More and more travelers are trading jam-packed itineraries for personal experiences in 2025, with slow tourism clearly trending. This approach allows for deeper cultural immersion and more meaningful connections with destinations. It’s a quiet rebellion against the “twelve cities in ten days” school of travel.
More and more people are opting to spend more time in a single destination as well as revisiting the same destination multiple times to gain more insight and experience the places they visit like a local. Revisiting a place you love is actually a growing preference, not a sign of uninspired planning. Familiarity, it turns out, can deepen connection rather than dilute it.
Sustainability Is Shifting How People Think About Where They Go

Sustainable tourism has emerged as a dominant force shaping travel decisions. A staggering proportion of global travelers say they want to make more sustainable travel choices, with the vast majority now considering sustainability a priority when planning trips. This isn’t just an environmental stance. It reflects a broader desire to travel with intention.
According to a report from the World Travel and Tourism Council (WTTC) and the Trip.com Group, more than two thirds of travelers are actively seeking sustainable travel options.
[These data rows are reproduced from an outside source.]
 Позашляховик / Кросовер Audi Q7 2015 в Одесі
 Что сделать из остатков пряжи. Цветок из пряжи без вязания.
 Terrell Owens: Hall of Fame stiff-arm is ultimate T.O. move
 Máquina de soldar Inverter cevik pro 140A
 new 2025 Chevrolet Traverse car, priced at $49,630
Choosing where you go based on the impact you leave behind is, in its own way, an act of connection, to a community, a culture, and a place worth protecting.
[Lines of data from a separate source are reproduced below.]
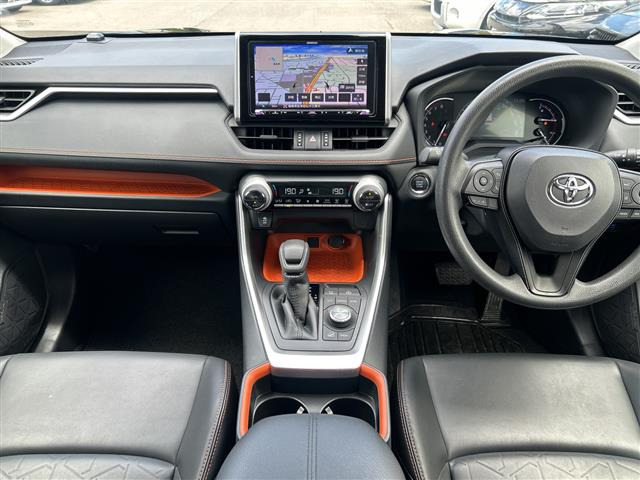 RAV42.0 アドベンチャー 4WD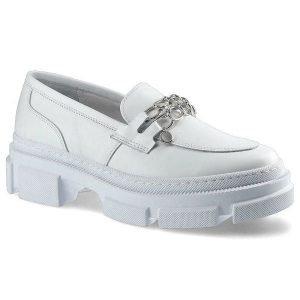Półbuty damskie Karino, naturalna skóra licowa w białym kolorze z ozdobnym łańcuchem na podbiciu oraz masywną podeszwą o wyraźnym profilu, białe, 389. Białe półbuty Karino, bez wzorów, ze skóry, bez obcasa, bez zapięcia. Za 255,00 zł.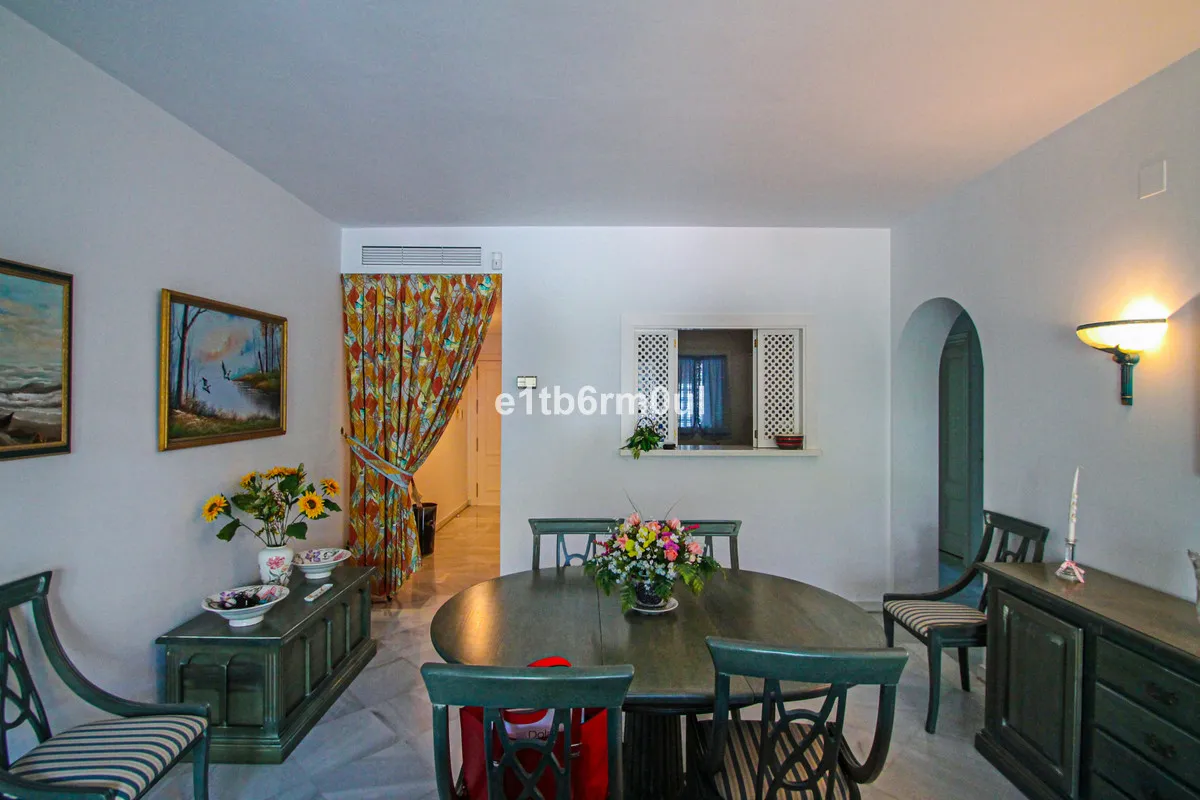 1e16b595-2261-4c2e-b6f5-77b99a5a1e72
Spontaneity and Discovery Are Making a Comeback

The vast majority of global respondents say they like to leave room in their itinerary for unexpected local discoveries. Nearly four in five global respondents say they’re likely to do something adventurous or outside their comfort zone while traveling, with Millennials and Gen Z even more likely to do so.
Data sourced from seven international markets shows sustained demand for travel, with roughly four in five respondents planning to take as many or more international trips in 2026 as the previous year, despite ongoing global uncertainties. That resilience suggests people aren’t traveling out of habit. They’re traveling because it still genuinely matters to them. The open itinerary isn’t laziness. It’s trust that the best things don’t always fit in a pre-booked slot.
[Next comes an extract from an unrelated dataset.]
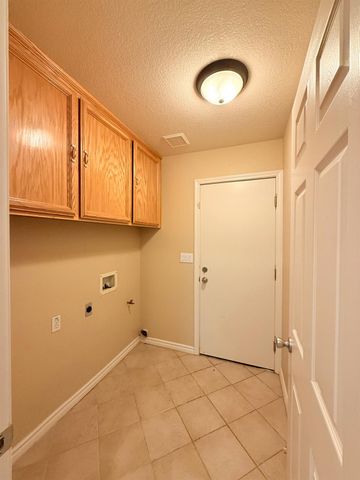 1490 Cobblestone Dr, Lincoln, CA 95648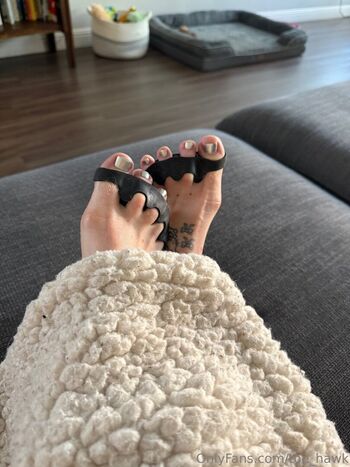 toe_hawk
What We Actually Remember Isn’t the Landmark

Travel in 2026 is becoming more intentional, with travelers seeking deeper value beyond the destination itself. That value shows up consistently in the data: skills learned, meals shared, generations gathered in one place, conversations with strangers who became something more.
This shift toward intentional travel represents more than a temporary trend. It’s a fundamental realignment of travel’s purpose in our lives. This year’s trends make it clear that travelers are focused on building itineraries that are all about standout experiences, creating memories, and engaging with local cultures and flavors.
A Closing Thought

Bucket lists aren’t going anywhere. The Great Barrier Reef, the temples of Kyoto, the streets of Lisbon, these places still pull at something real in us. But the question worth asking isn’t just “where haven’t I been?” It’s “what do I actually want to bring home from the experience?”
The answer, more often than not, has less to do with a city and more to do with a person, a conversation, a shared meal, or a skill you didn’t have before you landed. The destination becomes the backdrop. The connection becomes the story.
AI Disclaimer: This article was created with the assistance of AI tools and reviewed by a human editor.